(Data excerpts)

━━━━━━

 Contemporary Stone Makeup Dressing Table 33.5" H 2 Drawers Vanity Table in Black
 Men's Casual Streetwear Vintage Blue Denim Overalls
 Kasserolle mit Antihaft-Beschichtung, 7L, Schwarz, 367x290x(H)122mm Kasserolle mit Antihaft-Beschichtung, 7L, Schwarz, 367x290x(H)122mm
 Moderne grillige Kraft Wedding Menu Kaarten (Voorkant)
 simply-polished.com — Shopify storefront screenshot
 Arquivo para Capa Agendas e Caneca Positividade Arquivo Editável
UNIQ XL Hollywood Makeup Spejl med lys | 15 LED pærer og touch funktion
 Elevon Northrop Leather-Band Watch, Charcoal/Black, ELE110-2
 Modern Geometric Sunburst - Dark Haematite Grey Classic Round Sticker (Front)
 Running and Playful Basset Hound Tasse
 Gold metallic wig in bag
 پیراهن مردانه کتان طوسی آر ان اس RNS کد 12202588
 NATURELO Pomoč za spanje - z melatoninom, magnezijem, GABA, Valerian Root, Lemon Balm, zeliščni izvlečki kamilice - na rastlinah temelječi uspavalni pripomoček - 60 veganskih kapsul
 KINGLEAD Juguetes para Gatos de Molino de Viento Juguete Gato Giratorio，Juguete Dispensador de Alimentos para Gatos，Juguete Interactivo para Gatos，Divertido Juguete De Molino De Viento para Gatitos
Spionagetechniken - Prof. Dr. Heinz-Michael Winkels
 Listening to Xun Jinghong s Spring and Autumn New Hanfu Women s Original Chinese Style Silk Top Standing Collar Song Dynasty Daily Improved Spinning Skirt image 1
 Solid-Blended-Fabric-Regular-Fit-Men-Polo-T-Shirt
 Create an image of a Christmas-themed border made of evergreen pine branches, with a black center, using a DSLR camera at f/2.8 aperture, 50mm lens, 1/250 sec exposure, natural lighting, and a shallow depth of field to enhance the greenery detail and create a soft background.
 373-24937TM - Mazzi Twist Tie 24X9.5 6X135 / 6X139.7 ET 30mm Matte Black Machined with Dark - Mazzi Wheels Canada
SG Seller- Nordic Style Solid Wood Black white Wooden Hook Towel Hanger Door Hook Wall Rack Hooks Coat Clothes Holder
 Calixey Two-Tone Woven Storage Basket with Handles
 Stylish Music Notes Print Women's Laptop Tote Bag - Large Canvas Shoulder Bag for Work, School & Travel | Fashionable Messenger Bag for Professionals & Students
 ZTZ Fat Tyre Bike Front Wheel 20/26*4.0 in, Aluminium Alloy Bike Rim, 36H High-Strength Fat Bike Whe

━━━━━━

## The task:
Copy the records above faithfully. Begin at their first line, end at the line containing "Listening to Xun", and include nothing else.

## Task response:
 Contemporary Stone Makeup Dressing Table 33.5" H 2 Drawers Vanity Table in Black
 Men's Casual Streetwear Vintage Blue Denim Overalls
 Kasserolle mit Antihaft-Beschichtung, 7L, Schwarz, 367x290x(H)122mm Kasserolle mit Antihaft-Beschichtung, 7L, Schwarz, 367x290x(H)122mm
 Moderne grillige Kraft Wedding Menu Kaarten (Voorkant)
 simply-polished.com — Shopify storefront screenshot
 Arquivo para Capa Agendas e Caneca Positividade Arquivo Editável
UNIQ XL Hollywood Makeup Spejl med lys | 15 LED pærer og touch funktion
 Elevon Northrop Leather-Band Watch, Charcoal/Black, ELE110-2
 Modern Geometric Sunburst - Dark Haematite Grey Classic Round Sticker (Front)
 Running and Playful Basset Hound Tasse
 Gold metallic wig in bag
 پیراهن مردانه کتان طوسی آر ان اس RNS کد 12202588
 NATURELO Pomoč za spanje - z melatoninom, magnezijem, GABA, Valerian Root, Lemon Balm, zeliščni izvlečki kamilice - na rastlinah temelječi uspavalni pripomoček - 60 veganskih kapsul
 KINGLEAD Juguetes para Gatos de Molino de Viento Juguete Gato Giratorio，Juguete Dispensador de Alimentos para Gatos，Juguete Interactivo para Gatos，Divertido Juguete De Molino De Viento para Gatitos
Spionagetechniken - Prof. Dr. Heinz-Michael Winkels
 Listening to Xun Jinghong s Spring and Autumn New Hanfu Women s Original Chinese Style Silk Top Standing Collar Song Dynasty Daily Improved Spinning Skirt image 1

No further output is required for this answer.